Officers should be required to wear and turn on body cameras at all times. There is no reason why police should want to hide their actions from the public. If you’re telling the truth, video will strengthen your testimony. Two officers were on the scene when officer Mohamed Noor shot and killed Justine Ruszczyk, and neither had their cameras turned on. If you’ve got nothing to hide, don’t. Cameras are a form of transparency. Communities appreciate transparency; it builds trust.
De-escalation training
Police need to get better at de-escalating situations and practicing what that actually means. In one incident, a Portland Police Officer yelled for someone to “[expletive] stop or they’re gonna get shot.” Unfortunately, this seems a lot more like escalation than the “de-escalation approach” the officer and their supervisor claimed the threat to be.
De-escalation is not easy; Charles Kinsey knows this. He is a caregiver at the home where Rios Soto lives. Soto wandered away with a toy truck and was having an episode in the middle of the street. Kinsey was de-escalating when police officers accidentally shot Kinsey while trying to shoot Soto. If they had hit Soto, a man who didn’t have to die, it would have been another “justifiable use of deadly force,” but they didn’t. What they did caused psychological trauma to both Kinsey and Soto that didn’t need to exist. The community would have been safer if police hadn’t been there at all. Police could learn from Kinsey. Police need to learn how to calm people down and stop instinctively pulling the trigger when things get weird.
You’re right, not all cops are bad. Stephen Mader is an ex-Marine who was a police officer in West Virginia. One night he received a call about a man threatening to hurt himself. When he arrived he discovered the man, Ronald Williams, was holding a gun and begging to be shot. Mader said his training helped him evaluate that Williams was depressed and not a threat. While reasoning with Williams to drop the weapon, two other officers arrived on the seen and immediately shot Williams in the head. Williams’ gun was not loaded. Mader was fired for not killing Williams. Mader’s behavior is exemplary of what police departments need to strive toward, not punish.
Stop using and allowing excessive force in general
Eric Casebolt was allowed to peacefully resign after he and a group of other officers terrified a group of kids at a pool party, tactical rolls and all. Casebolt slammed a teenage girl onto the sidewalk and was not charged. Good cops should have called for his arrest. Two good cops leaked a video of officer William Martin berating a woman who called police because a neighbor choked her son.
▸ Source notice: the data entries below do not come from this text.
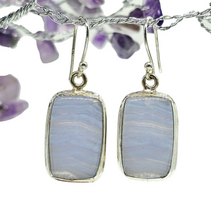 Load image into Gallery viewer, Blue Lace Agate Earrings, Rectangle Shape, Sterling Silver, Communication Stone, Confidence Stone, Gemini &amp; Pisces Zodiac Gem - GemzAustralia 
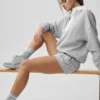 Take It Easy långärmad Henley-tröja – Athletic Heather Grey/White
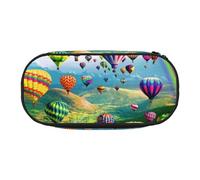 AUGUSTRUSH Cute Pencil Case for Girls & Women, Hot Air Balloons Pencil Box with Zipper, Oxford Cloth Large Capacity Pencil Bag, Pencil Pouch with Pen Slots, 22x11x4.5cm - Ideal School Supplies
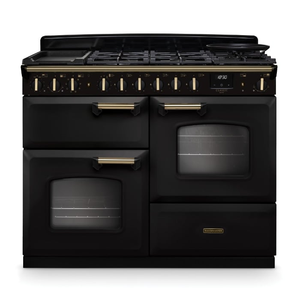 Rangemaster Classic Deluxe 110cm Dual Fuel Range Cooker, Brass Trim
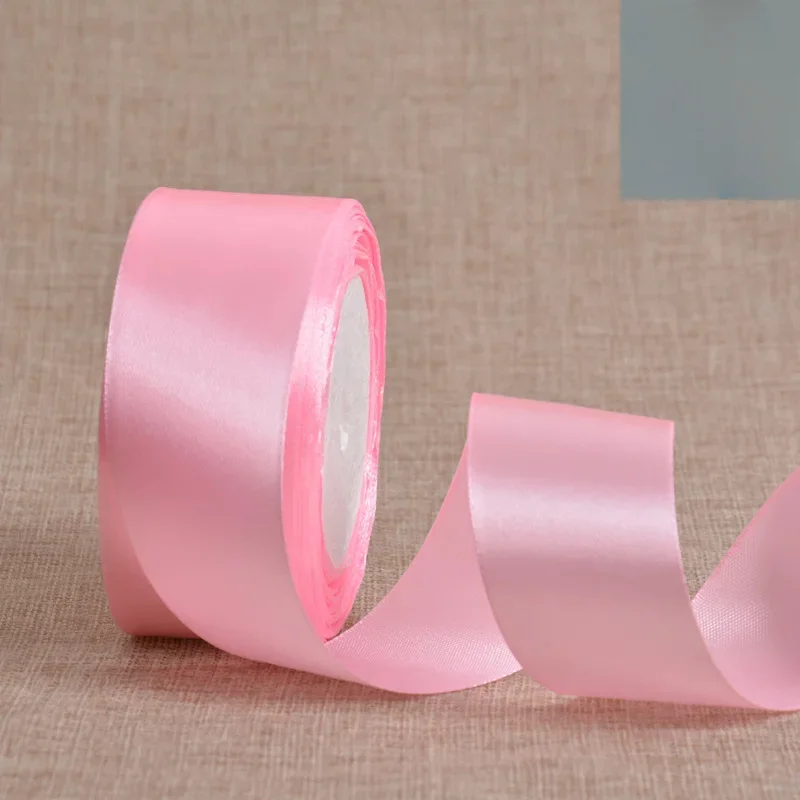 25 야드 새틴 리본 4CM, 공예, 꽃 꽃다발 선물 Wrappin 결혼식, 활 만들기에 대 한 폴리 에스터 실크 패브릭 머리 문자열 리본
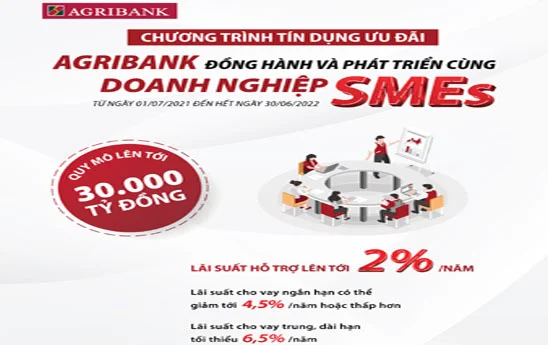 Agribank tiếp tục dành 30.000 tỷ đồng để đồng hành và phát triển cùng doanh nghiệp SMEs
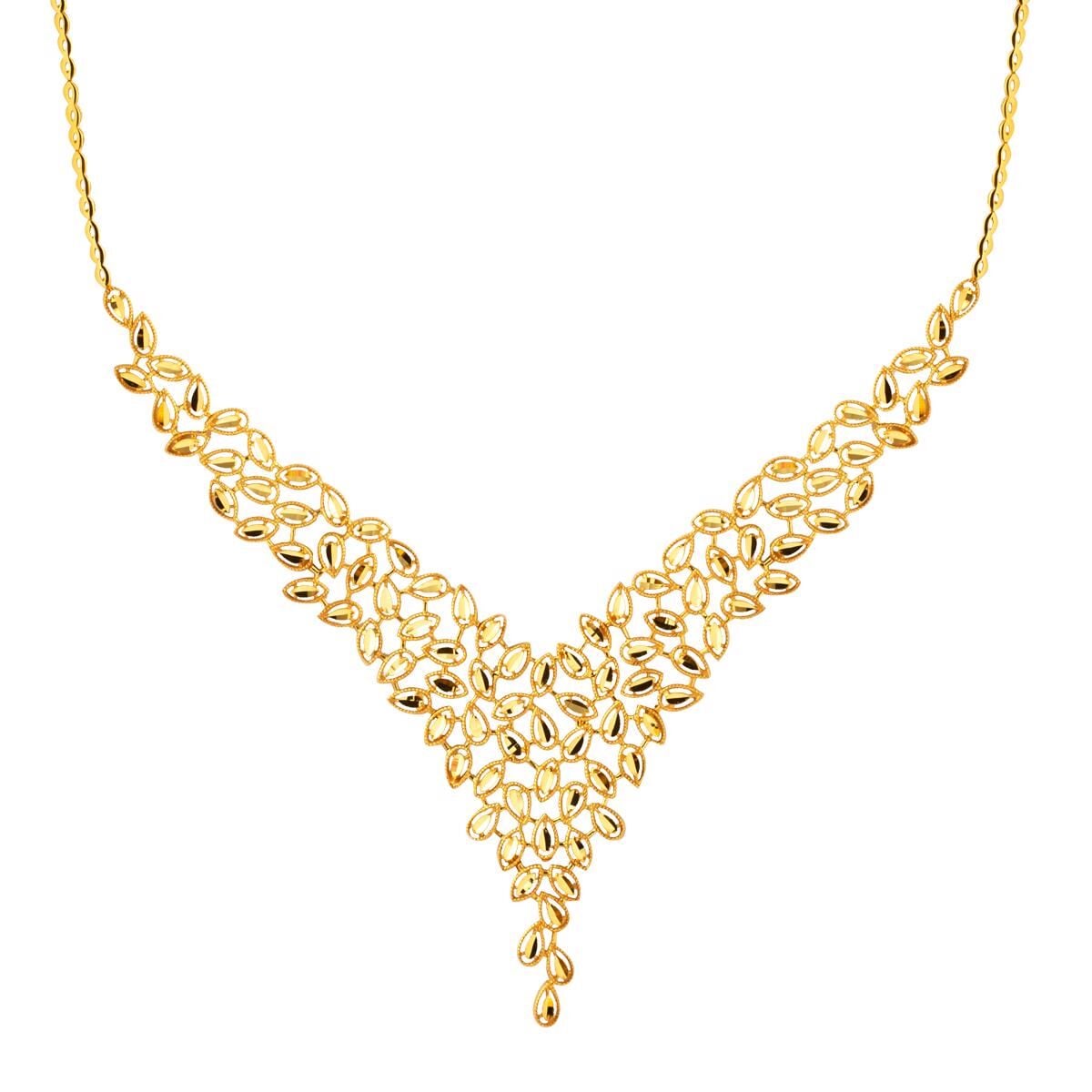 22K Yellow Gold Ivy Collar Necklace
The woman didn’t appreciate it and the officer proceeded to bodyslam her. Those good cops who leaked the video were demoted. Good cops should have stood up for them.
We citizens understand that you cops get scared. But we need you to understand that you scare us. If you want our trust and respect, you have to trust and respect us. If cops keep killing and abusing citizens, it’s only logical citizens will be fidgety or try to run from cops, we don’t want to be body slammed, choked out, shot to death, or have our spinal cords severed while being driven around—that shit is terrifying. Sandra Bland, Philando Castile, Jordan Edwards, and Tamir Rice weren’t doing anything wrong, but they wound up dead. Stop saying, “If you’re not a criminal, you’ll be fine.”
By protecting the bad guys and not standing up for the good guys, you are controlling your narrative. You are telling the public what your priorities are. Your priorities are cops vs. everyone, and anyone who says otherwise is a traitor. Those bad apples are spoiling the whole damn bunch.